Eek! I've invited friends over for a bbq tomorrow and am now worried it's going to go horribly wrong. 

It's only eight people and they'll be arriving at about 3pm.

I'd be grateful for any advice on what would be the best thing to cook. I'd originally thought some beef, chicken and ribs. But I'm not sure if I might be over extending myself for a first cook? 

Oh yes, I also need to do some fish as the other half does not eat meat. 

Thanks for any help guys.


----------



## bluewhisper (Jun 6, 2015)

Welcome to the board! Look up your smoker online and study the methods other people use for keeping the right temperature.

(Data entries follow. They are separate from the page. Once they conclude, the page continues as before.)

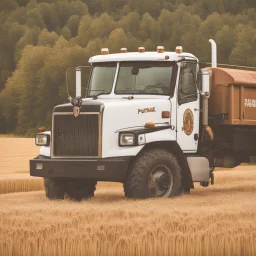 Side Door of a white truck with a logo for a wheat farm that features a tractor and wheat with text: "Pozniak Farms"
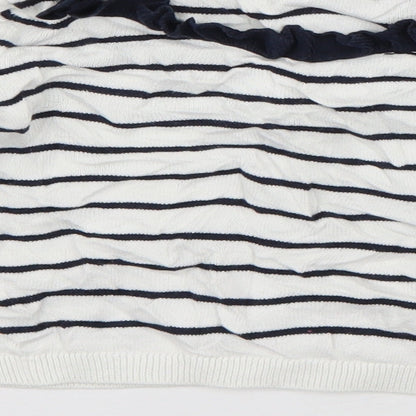 Autograph Girls White Crew Neck Striped Viscose Pullover Jumper Size 5-6 Years  Pullover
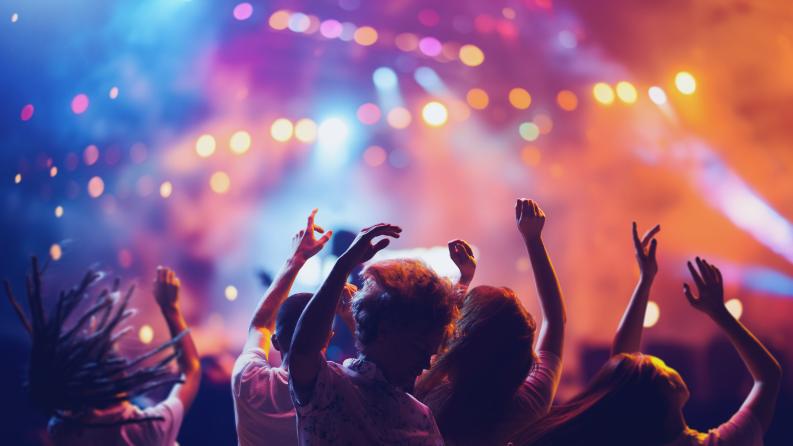 on y voit des gens de dos qui s'amusent dans un festival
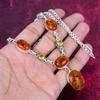 Baltic Amber & Citrine Necklace Gemstone Jewelry, 925 Solid Sterling Silver Adjustable Chain Necklace, Gift For Women Handmade Necklace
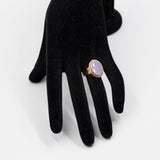 Bague vintage en or jaune 18 carats avec agate, années 50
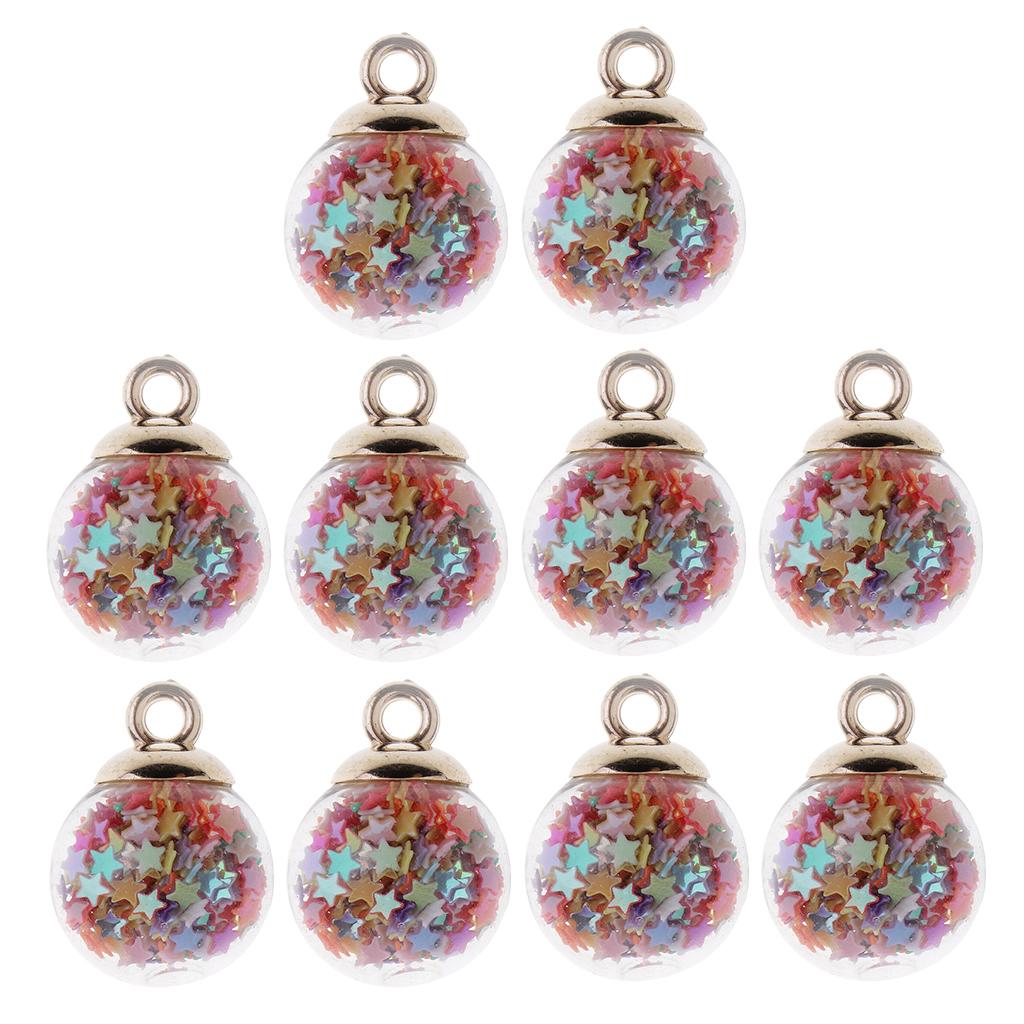 DIY 20Pcs 16mm Colored Stars Transparent Glass Ball Charms With Tiny Star Pendant Findings Craft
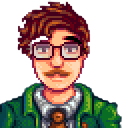 A picture of Harvey, from Stardew Valley. He has short brown hair, squarish-framed glasses, and a mustache.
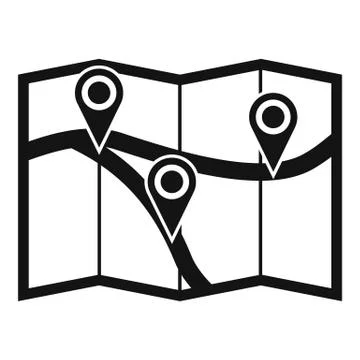 Map with pin pointers icon, simple style 스톡 일러스트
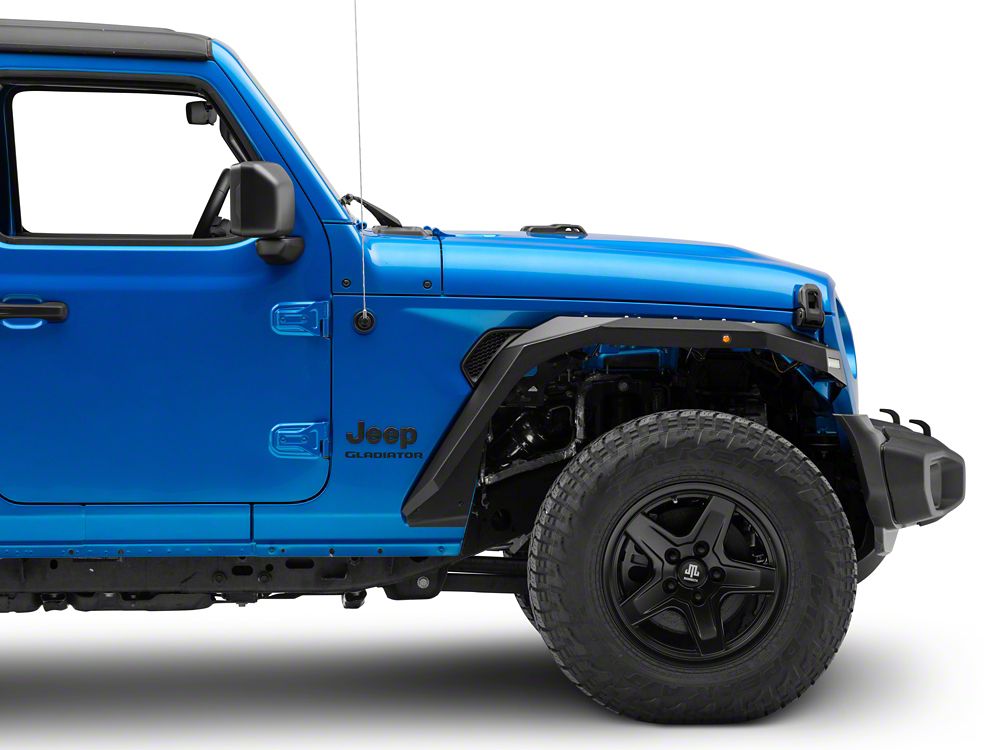 Barricade X-Series Fender Flares with LED DRL and Marker Lights; Black Inserts; Front (20-25 Jeep Gladiator JT)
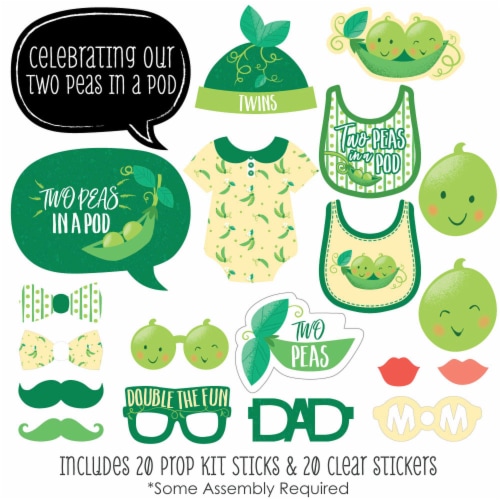 Big Dot of Happiness Double the Fun - Twins Two Peas in a Pod - Photo Booth Props Kit - 20 Ct Perspective: back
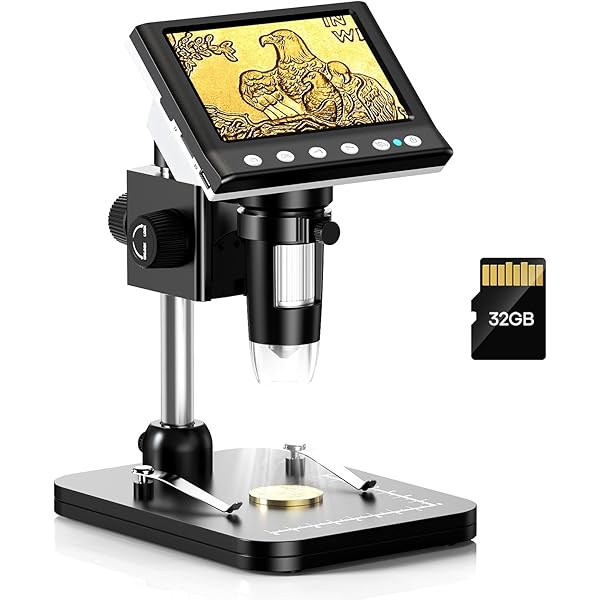 Hayve 4.3'' IPS Coin Microscope, 1000X Magnification Digital Microscope for Adults，Coin Collection Supplies with 8 Adjustable LEDs，Windows Compatible，32GB TF Card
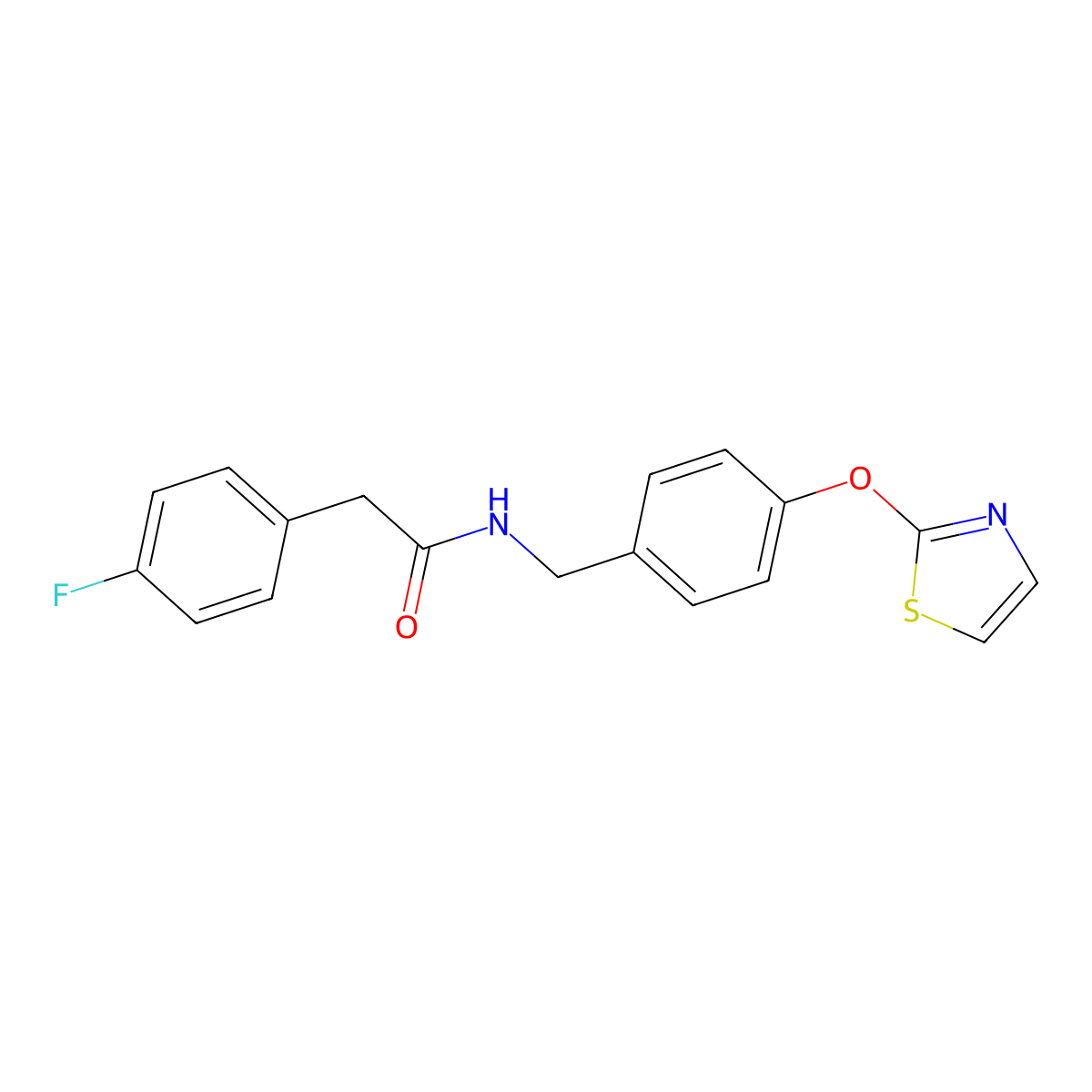 2-(4-fluorophenyl)-N-(4-(thiazol-2-yloxy)benzyl)acetamide molecular structure, CAS 2034558-60-4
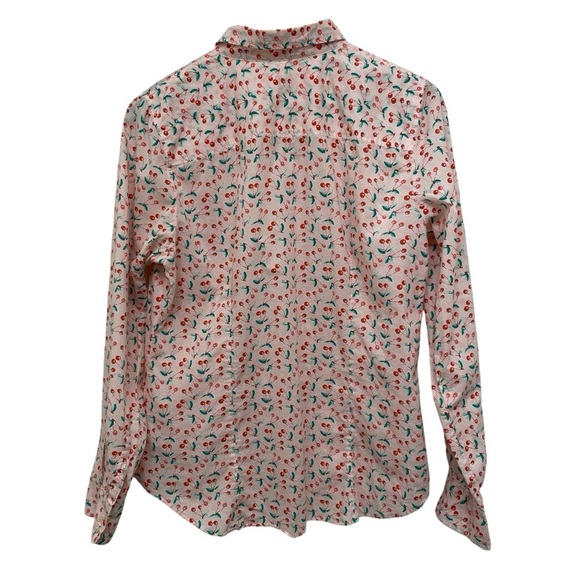 J. Crew 100% Cotton Pink Cherry Print Long Sleeve Button Down Women’s Shirt L - Picture 3 of 11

You will love smoking your own fish, at a fraction of store prices.


----------



## chef jimmyj (Jun 6, 2015)

Welcome to the SMF Family. You are biting off more than a newbie may be able to handle. 4 different meats requires some major experience at timing and temp control. You have not even figured out how to get the temp you want on your new smoker. Are you talking 200°F or C??? 200F is a bit to cool for most meats. At a min you need 225-250°F for the Pork and Beef, the Chicken is happier at 325°F. The Fish can be smoked at these temps but goes much faster than the other meats. I suggest picking One meat and have the Mrs.' make the fish the way she likes in the kitchen. That smoker should have no issue making any temp you desire, especially if you leave the water pan dry. Leave the top vent wide open and then control the temp with the bottom vents. More air = higher temps. Chicken Leg Quarters are cheap and at the 325°F temp are done in about 2 hours. All you need is a flavorful Rub and make some heat and smoke to cook and flavor them. Brining the bird adds moisture, flavor and tenderizes the meat, highly recommended. To get going smoking, you simply dump a load of lit charcoal on top of a couple of Kilos of unlit charcoal mixed with 4-5 6cm X 6cm chunks of smoke wood. If Wood Chip are all you can get, soak a half Kilo in water overnight, drain well and mix with the  charcoal. Use no water in the pan but cover it with foil for easy clean up and open the vents wide open. The temp should come up quickly. When the smoker temp is between 325 and 350°F and you are smelling smoke, add the Chicken and shut the bottom vents down to 1/4 open and watch your temps, opening or closing the bottom vents as needed. looking  Smoke for 1.5 hours and start testing for an Internal Temperature (IT), in the thickest part of the thigh, of around 180°F for the legs to be fully cooked. If you don't have an Instant Read Thermometer, look for the juices to run clear and at 180F the meat should start to pull off the bone with a twist of a fork. Keep smoking if needed. Serve the Legs with some BBQ Sauce and an assortment of side dishes.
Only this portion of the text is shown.